Re: Boiler, the sequel
« Reply #16 on: Feb 23 2015 19:43 »
The above post refers to SMALL boilers only.

Offline Steve Cook

Re: Boiler, the sequel
« Reply #17 on: Mar 29 2015 13:34 »
I got my hands on Issue 100 of the G3S Newsletter yesterday at the boiler test day. On reading it last night (and its a good issue too) there is a section on boiler testing. Pertinent to some of the discussions had earlier in the year I have copied some of the text here (I'm afraid I am not writing the whole article down):

Boilers greater than 3 bar litres.

The Society will continue to use the Southern Federation 'Green Book' Standard (Edition 2012), for hydraulic and annual steam test.

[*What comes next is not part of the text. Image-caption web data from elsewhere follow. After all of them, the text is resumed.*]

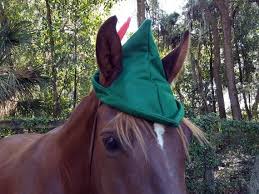 Peter Pan Robin Hood Elf Cap For Horses Fun Cloth Hat For Equines Equine Costume Horse Costumes Horses Horse Halloween Costumes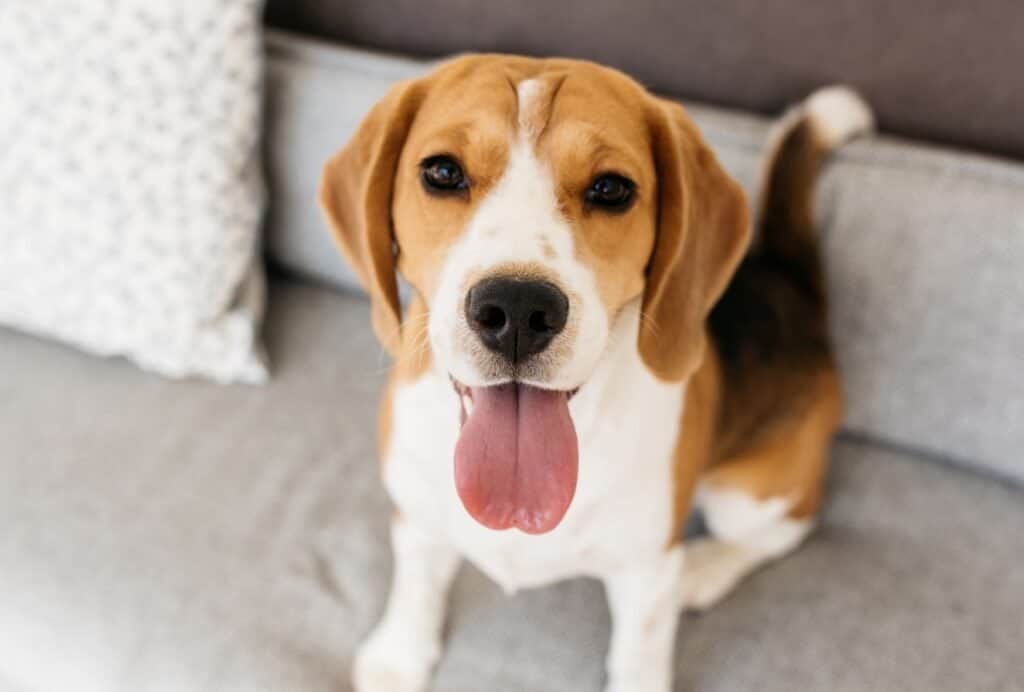 Beagles are among the most loyal dog breeds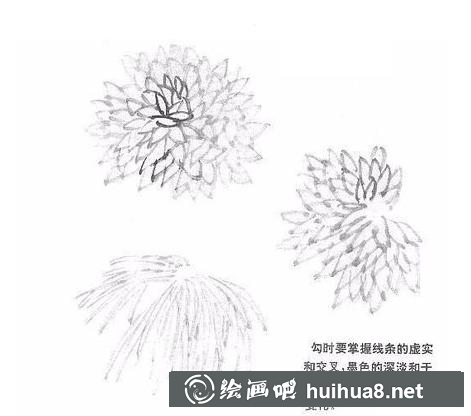 菊花的畫法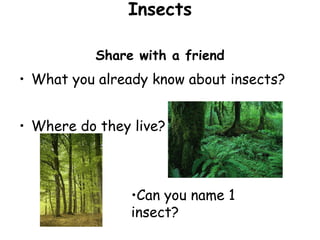 Insects Share with a friend What you already know about insects? Where do they live? Can you name 1 insect? 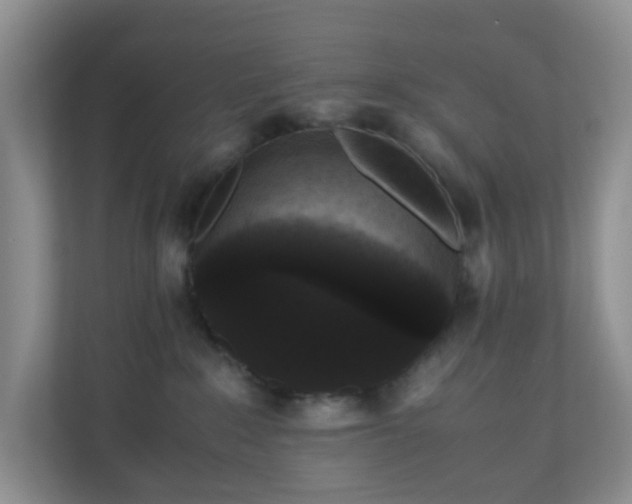 X0000110710235200906191554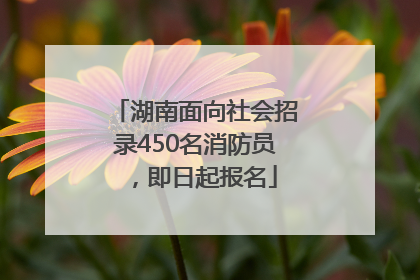 湖南面向社会招录450名消防员，即日起报名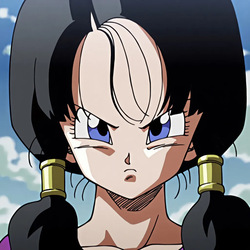 Videl2.0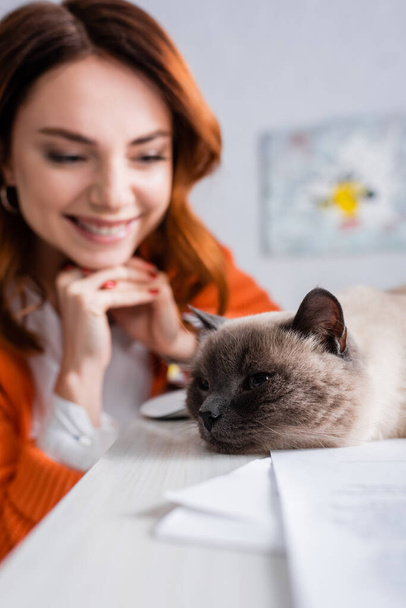 selective focus of cat lying on desk near freelancer smiling on blurred background - Foto, afbeelding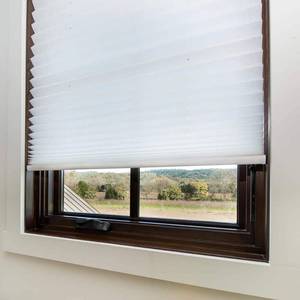 lot 9979 image: Easy Lift Trim-at-Home Cordless Pleated Fabric Shade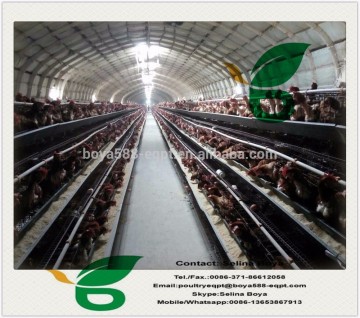 Battery layer poultry rearing chicken cages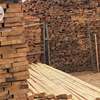 Cyprus timber 2x2 in Nairobi Kenya thumb 1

Boilers less than 3 bar litres.

1. Hydraulic Test.

If a boiler has a commercial certificate, or a Southern Federation certificate, for a hydraulic shell test at twice working pressure then a repeat hydraulic test is not required.

2. Steam Test.

a) The steam test will be carried out by a Gauge 3 boiler tester and witnessed by a Gauge 3 member. In circumstances where a witness is not available, an 'un-witnessed' test certificate will be accepted by the Gauge 3 Society, but it might not be acceptable to some Model Engineering Societies.
b) The Southern federation certificates will continue to be used as this provides a traceable record, since a copy is held by the boiler tester.
c) It is strongly recommended that the loco pressure gauge is checked for accuracy every 2 years.
d) The boiler shall be steamed at the maximum firing rate using the appropriate fuel.
e) The safety valve(s) shall maintain maximum working boiler pressure and that the pressure does not rise more than 10% above the working pressure (Pw + 10%).
f) If fitted, the correct operation of the water level gauge shall be verified.
g) If fitted, the correct operation if the boiler water feed pump shall be verified.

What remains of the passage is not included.